Nick,

Thanks for the answers and the effort.  I appreciate it.  (The preamble and A/B 
viewpoint edits in the updated version were useful.)

I think the outlines of the New Realist position are gradually pulling into 
focus for me, thanks to you and Eric.  The crux of the difficulty that remains 
for me, lies here:

All the stuff about A's headache is information that some observers have and 
others do not; as such it is part of the potential experience or information 
available in the situation.   So, to "have information" means the same thing as 
to "experience".  If the information is "in" one's "field of view", one is 
experiencing it.

I'm looking for a word -- which you will be comfortable with -- that conveys 
the compelling, immersive nature/ quality/ texture of first person experience, 
the sense of immediacy, richness, and embeddedness-in-the-body that colours my 
perception of *my* headache, as opposed to awareness of the distilled, 
abstracted fact that *he* has a headache.  (I believe this is what Russ is 
after, as well.)

Hmmm.  Already I feel the New Realist propaganda seeping into my mind; it 
occurs to me that if someone very close to me suffers from a bad headache, and 
I deeply empathise with the person, it's not really fair to call the 
information/ experience distilled and abstracted.  It creeps much closer to the 
1st person experience.  But there is to my mind still a little gap.

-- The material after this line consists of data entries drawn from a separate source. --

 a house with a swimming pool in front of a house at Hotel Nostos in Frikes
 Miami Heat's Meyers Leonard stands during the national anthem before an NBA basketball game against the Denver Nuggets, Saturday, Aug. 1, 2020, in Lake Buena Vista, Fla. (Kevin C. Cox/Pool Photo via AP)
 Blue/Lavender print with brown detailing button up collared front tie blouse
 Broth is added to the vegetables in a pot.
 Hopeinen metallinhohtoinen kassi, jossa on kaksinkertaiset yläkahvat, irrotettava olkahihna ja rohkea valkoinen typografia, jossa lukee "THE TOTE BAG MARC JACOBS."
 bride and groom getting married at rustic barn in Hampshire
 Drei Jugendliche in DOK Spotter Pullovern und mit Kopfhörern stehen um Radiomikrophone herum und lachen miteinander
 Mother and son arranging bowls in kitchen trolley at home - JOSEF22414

Is there any way of thinking about that little gap, any descriptive term that 
you can comfortably apply to denote the difference?  (I'm not concerned here 
with the accuracy, or realness of the experience.  I'm happy to call it an 
illusion -- I'm after the texture of the experience.)

Regards,
Rikus

PS.  Wherever did you find a wife that'll hold still for this sort of 
discussion over dinner?  And are there more of them?


  From: Nicholas Thompson 
  Sent: Friday, June 26, 2009 4:28 AM
  To: [email protected] 
  Subject: [FRIAM] Response to Rikus: edited version.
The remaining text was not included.